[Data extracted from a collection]
>>>
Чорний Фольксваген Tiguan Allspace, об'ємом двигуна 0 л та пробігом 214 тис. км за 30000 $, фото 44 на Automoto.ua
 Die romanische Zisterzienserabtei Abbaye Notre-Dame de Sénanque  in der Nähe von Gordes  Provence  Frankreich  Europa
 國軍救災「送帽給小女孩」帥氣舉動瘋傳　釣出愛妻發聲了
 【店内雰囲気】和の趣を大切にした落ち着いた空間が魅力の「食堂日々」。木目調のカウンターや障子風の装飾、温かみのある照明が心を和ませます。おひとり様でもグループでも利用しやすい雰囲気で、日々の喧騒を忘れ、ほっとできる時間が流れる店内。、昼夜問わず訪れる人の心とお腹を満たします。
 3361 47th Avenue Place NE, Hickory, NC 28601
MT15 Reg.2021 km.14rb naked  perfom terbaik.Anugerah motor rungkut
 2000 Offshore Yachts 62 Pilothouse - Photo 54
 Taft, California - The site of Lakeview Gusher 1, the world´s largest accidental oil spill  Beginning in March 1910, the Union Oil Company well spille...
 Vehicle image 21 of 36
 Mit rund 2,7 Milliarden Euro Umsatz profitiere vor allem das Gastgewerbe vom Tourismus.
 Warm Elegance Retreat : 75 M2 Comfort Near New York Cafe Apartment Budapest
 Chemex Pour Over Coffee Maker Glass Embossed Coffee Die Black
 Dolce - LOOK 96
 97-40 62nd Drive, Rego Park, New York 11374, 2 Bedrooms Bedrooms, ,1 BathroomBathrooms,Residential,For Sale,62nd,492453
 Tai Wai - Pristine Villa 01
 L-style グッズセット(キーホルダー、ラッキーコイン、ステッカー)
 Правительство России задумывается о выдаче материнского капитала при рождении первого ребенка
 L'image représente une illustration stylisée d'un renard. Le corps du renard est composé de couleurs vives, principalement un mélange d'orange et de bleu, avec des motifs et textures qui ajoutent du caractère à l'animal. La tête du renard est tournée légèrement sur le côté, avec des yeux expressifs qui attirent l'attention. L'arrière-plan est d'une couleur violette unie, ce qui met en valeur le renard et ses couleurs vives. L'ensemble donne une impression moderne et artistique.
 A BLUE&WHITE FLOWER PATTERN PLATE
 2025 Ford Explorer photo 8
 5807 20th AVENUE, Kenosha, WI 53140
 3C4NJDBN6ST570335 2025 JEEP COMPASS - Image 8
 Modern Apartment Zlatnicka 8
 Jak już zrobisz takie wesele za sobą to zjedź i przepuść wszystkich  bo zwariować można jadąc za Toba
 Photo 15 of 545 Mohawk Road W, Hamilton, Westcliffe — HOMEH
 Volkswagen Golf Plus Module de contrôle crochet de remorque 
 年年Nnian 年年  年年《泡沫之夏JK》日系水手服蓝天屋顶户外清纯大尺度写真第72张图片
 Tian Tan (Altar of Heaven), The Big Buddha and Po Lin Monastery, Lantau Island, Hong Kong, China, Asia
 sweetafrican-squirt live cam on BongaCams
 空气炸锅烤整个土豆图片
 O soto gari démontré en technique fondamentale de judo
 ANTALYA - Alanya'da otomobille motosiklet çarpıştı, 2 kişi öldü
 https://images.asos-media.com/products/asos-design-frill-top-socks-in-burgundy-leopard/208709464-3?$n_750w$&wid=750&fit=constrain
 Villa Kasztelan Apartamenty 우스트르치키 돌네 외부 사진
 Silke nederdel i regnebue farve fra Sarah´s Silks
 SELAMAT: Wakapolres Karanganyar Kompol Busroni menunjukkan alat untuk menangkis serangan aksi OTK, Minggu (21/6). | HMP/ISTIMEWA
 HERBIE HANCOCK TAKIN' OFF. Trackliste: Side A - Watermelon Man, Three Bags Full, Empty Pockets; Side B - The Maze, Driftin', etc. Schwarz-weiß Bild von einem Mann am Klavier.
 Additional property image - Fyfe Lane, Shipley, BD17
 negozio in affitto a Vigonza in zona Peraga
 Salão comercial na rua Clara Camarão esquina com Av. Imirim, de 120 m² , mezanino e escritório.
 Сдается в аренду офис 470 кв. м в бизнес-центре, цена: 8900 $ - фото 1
<<<
Report only the number of lines in the data above that contain "фото".

2